Pub Date: Oct. 6th, 2015
ISBN: 978-0-8070-8840-1
Publisher: Beacon Press

An environmental scolding by climate activist Stephenson.

Yes, we’ve trashed the planet. Yes, we’re too busy doing our own thing to care. Yes, “it’s homicidal. It’s psychopathic. It’s fucking insane.” From a pulpit alongside Walden Pond, former Atlantic and Boston Globe editor Stephenson preaches these things righteously. The problem is, as he recognizes, that anyone likely to read this book is already likely to be converted, and it’s not the choir that needs the sermon. So it is that the author enlists other voices, climate and environmental activists who are doing interesting and useful things in the world, such as a New Orleans activist who has been chronicling the legacy of environmental racism along what’s called Cancer Alley and a Harvard Divinity student who’s done jail time for his direct actions. The project could have been a nicely Terkel-ian oral history, and such a book is much needed, but Stephenson is inclined to interpolate to the point that, most often, a paragraph of talking is followed by a paragraph of gloss. That gets tiresome, and it’s unfortunate, since some of the (mostly young) people being profiled have much to say, including one who quite rightly notes that many environmental issues pack more than one problem: racial injustice, economic inequality, food insecurity, and other issues often go hand in hand and resist easy solutions.

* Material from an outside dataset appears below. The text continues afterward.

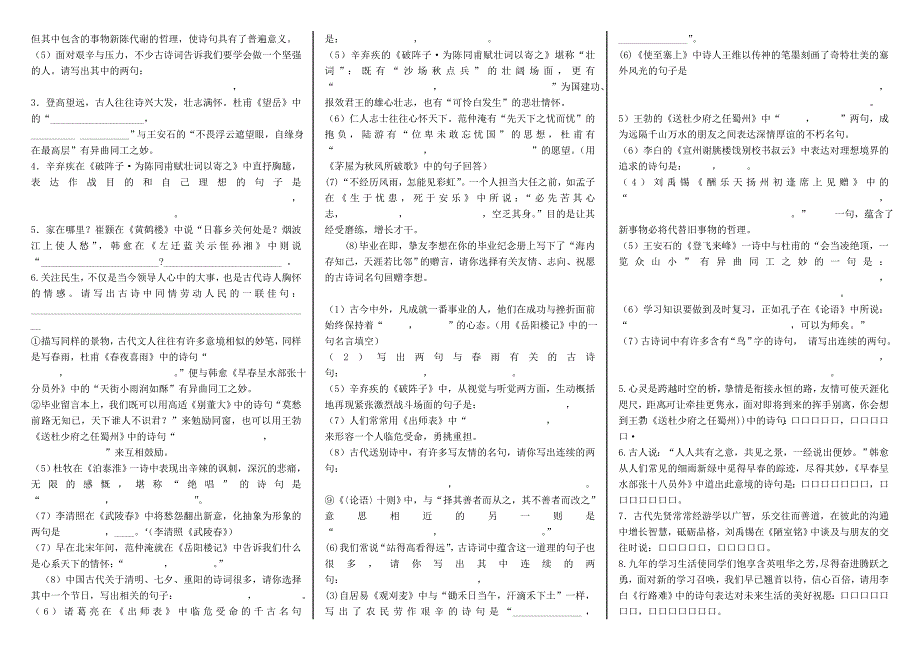 古诗词诵2011年中考_第3页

Stephenson is to be commended for bravery in offering case studies that may well inspire monkey-wrenching, if not the constitutional convention one activist hopes for. He also risks being ridiculed for a few rhetorical stretches, as when, a stack of qualifiers to the side, he likens the environmentalists of today to the abolitionists of 1850s America. He gets points for acknowledging those stretches but demerits for having committed them in the first place.

Earnest and well-meaning but unlikely to sway climate deniers, Monsanto lobbyists, and others in need of convincing.